忘年会にクリスマス、そして年が明ければ新年会……。楽しいイベントたちが年末年始は待っている。だがそれはお金がなくなるということの裏返し。「お金持ちになれたらな」。奨学金負債など、羽振りがいいとはいえない現代。それでも理想を現実にしたい。閉塞(へいそく)したこの時代でお金持ちに成り上がるには、相反する〝お金を使う〟ことがカギを握る。
シェアと不況
現代は〝シェア〟の時代に入ってきている。自身の体験をSNSでシェア。車や家などもシェア。物を一人で所有するのではなく、誰かと共有することで出費を節約したり、人とのつながりを持つことができる。近頃叫ばれる若者の購買意欲の低下。それは同時に、消費の形の変化も意味する。何でもかんでも〝買う〟時代は終わりを迎えている。
景気の変動も大きな影響をもたらす。消費者心理に詳しい明大政治経済学部の木谷光宏教授は「(今の若者は)お金を使うところと使わないところのめりはりが明確にされている」と語る。バブル期以前の大学生は金額に糸目をつけず、購買を繰り返したという。「(昔は)節約を考えずに『お金はどうせ入ってくるのだから。天下の回りものだから』と意識していた」(木谷教授)。片や今の大学生は、バブル崩壊後の倹約な親の背中を見て育ってきた。時代の流れに伴い、若者はより堅実な方向に変化している。
貯金意味ない
それでもお金への不安は尽きない。奨学金負債や終身雇用制度の崩壊、扶養控除の〝103万の壁〟。厳しい現実は堅実さとともに、若者に貯金という選択肢を与える。本紙が明大生217人に行ったアンケートでも『もし10万円が手に入ったらどうするか?』という問いに対し、最も多かったのが『貯金』だった。

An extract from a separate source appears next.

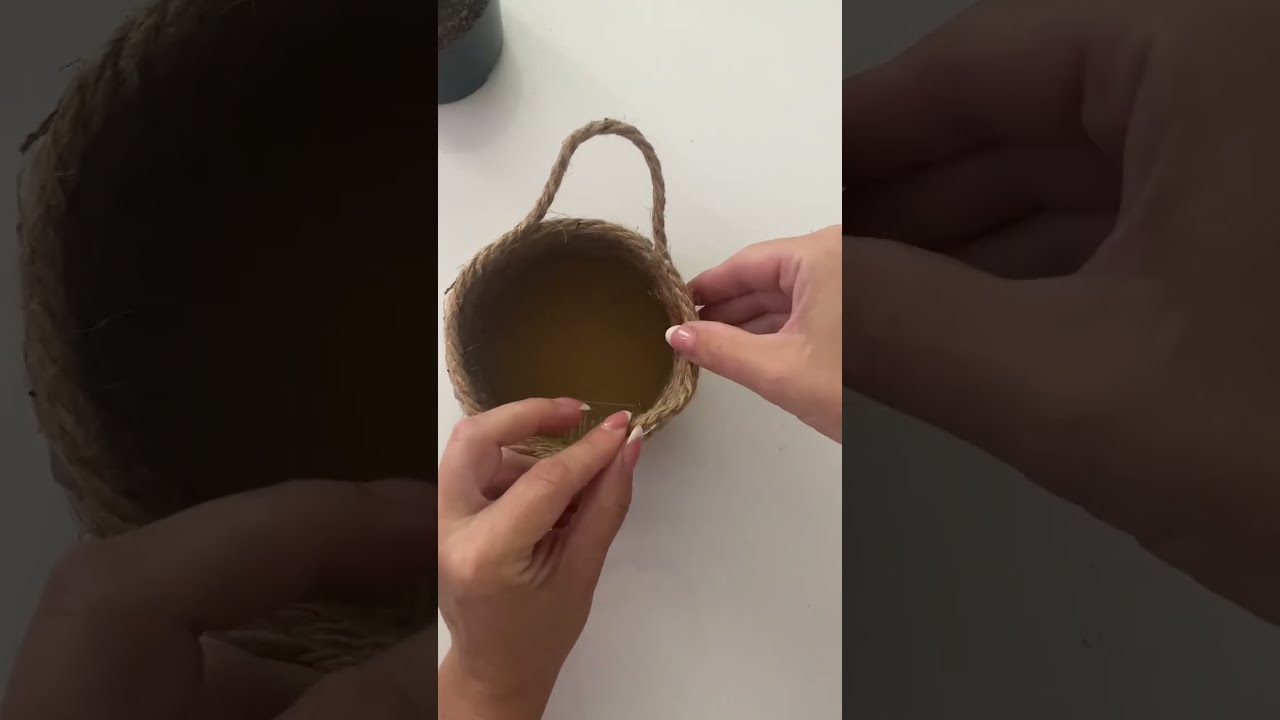 Cute Mini Jute Rope Basket IDEA ❤️ #shorts #diy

しかし今年度ドラマ化された『インベスターZ』など、お金にまつわる作品を多く手掛ける漫画家・三田紀房氏(昭55政経卒)は「貯金は意味がない」と主張する。自身の学生時代を振り返れば「電話もお風呂もない。みんな4畳半で共同トイレの所に住んでいた」と決して裕福な暮らしをしていたわけではない。いつの時代も学生は貧乏。その中でお金とどう向き合うべきなのか。
使って得する
ずばり必要なのは〝使う〟こと。お金を〝得る〟ために、お金を〝使う〟。一見矛盾しているように見えるが、そこに大切なことが隠されている。「どんどん自分に投資して新しい価値を取り入れるべき」と三田氏。重ねた経験はいつか自分に、利子が付いて返ってくるはずだ。使い方は何でもいい。将来のための知識を身に付ける、海外を一人旅……。無駄に思えるようなことにお金を費やすことも大学生のうちならできる。「たかが金だ……」。投資を題材にした『インベスターZ』ではこんな名言が飛び出す場面もある。ここまで割り切るのは難しいが、私たちはお金に対してもっと大胆になる必要があるかもしれない。「貯める人間にはなっては駄目。使う人間にならなければ駄目」(三田氏)。お金なんてただの数字の羅列、使わなければ意味がない。こんなふうに思えたら、あなたは既にお金持ちへの道を歩んでいるに違いない。